Festival de Hyères : Un véritable tremplin pour les jeunes créateurs de mode, "on a la possibilité de montrer notre travail"

La 36e édition du festival international de la mode, de l'accessoire et de la photo de Hyères s'est achevée dimanche. Une opportunité en or pour se lancer. 

Article rédigé par
Sophie Auvigne - franceinfo
Radio France
Publié Mis à jour
Temps de lecture : 2 min.
Défilé de la collection d'Adeline Rappaz prix du public du 36e festival de Hyères. (SOPHIE AUVIGNE / FRANCE-INFO)

C'est le plus ancien concours de mode destiné aux jeunes professionnels du monde entier, une porte d'entrée vers les métiers de la mode. La 36e édition du festival international de la mode, de l'accessoire et de la photo a pris fin dimanche 17 octobre à Hyères, dans le Var, et a consacré le Britannique Ifeanyi Okwuadi.
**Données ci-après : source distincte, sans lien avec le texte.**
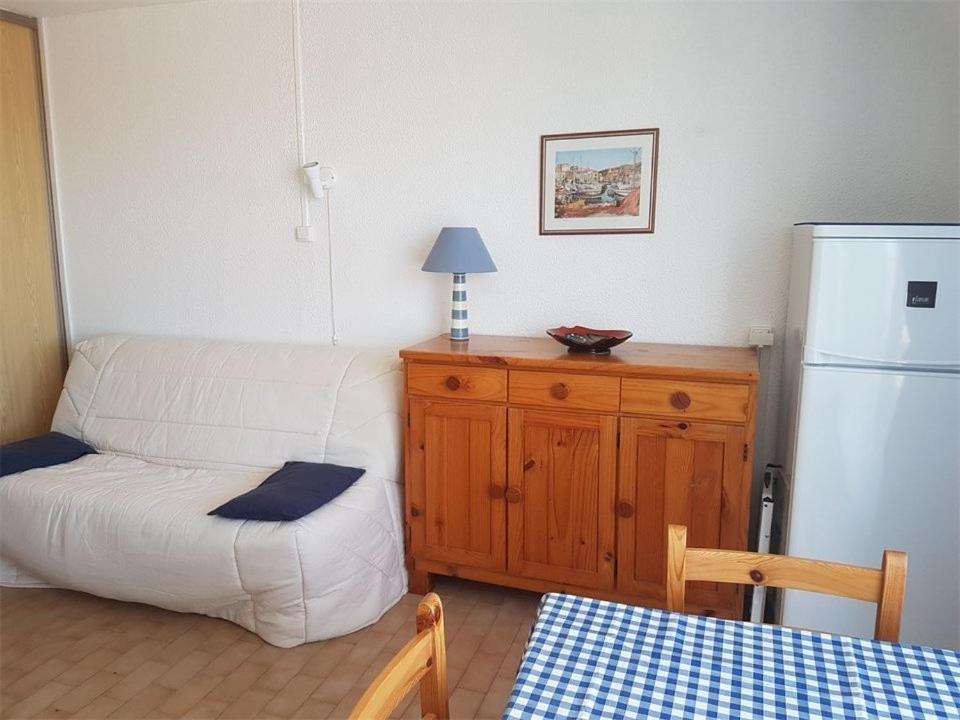 studio 3 personnes accès direct plage - parking privé - 3TVP30 Le Barcarès Exterior foto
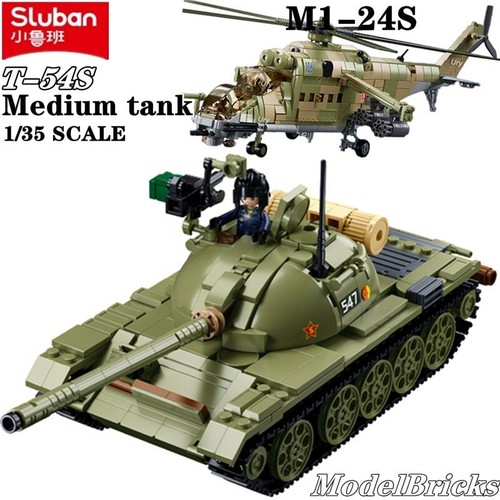 Carro armato sluban - carro, t-54s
Les concours ,et les prix qui les accompagnent, représentent de véritables opportunités pour les créateurs. Karl Lagerfeld lui même a justement commencé sa carrière par un prix. Il y a plus de 65 ans le jeune Karl Lagerfeld s'arrête devant une affiche dans la rue, une annonce pour le grand prix de la laine. Il découvre le célèbre concours de l'époque. "Pour Karl Lagerfeld, gagner un prix, ça a été fondamental dans sa carrière, ça l'a lancé, explique Marie Ottavi, journaliste à Libération, auteure de Karl, une biographie du couturier parue aux éditions Robert Laffont. Dans le jury il y a Pierre Balmain qui repère le talent de Karl Lagerfeld, qui est un excellent dessinateur et Pierre Balmain va lui proposer un poste. Rentrer chez Balmain, ça lui a permis d'apprendre le métier sur le tas puisqu'il n'avait pas fait d'école".

Un formidable vecteur de notoriété 

"Aujourd'hui ça reste vrai puisque le jour de la remise des prix, vous devenez quelqu'un, vous devenez médiatique, on parle de vous et l'argent vous facilite évidemment la vie", insiste Marie Ottavi.

La suissesse Adeline Rappaz l'une des finalistes pour le grand prix de la mode au 36e festival de Hyères. (SOPHIE AUVIGNE / FRANCE-INFO)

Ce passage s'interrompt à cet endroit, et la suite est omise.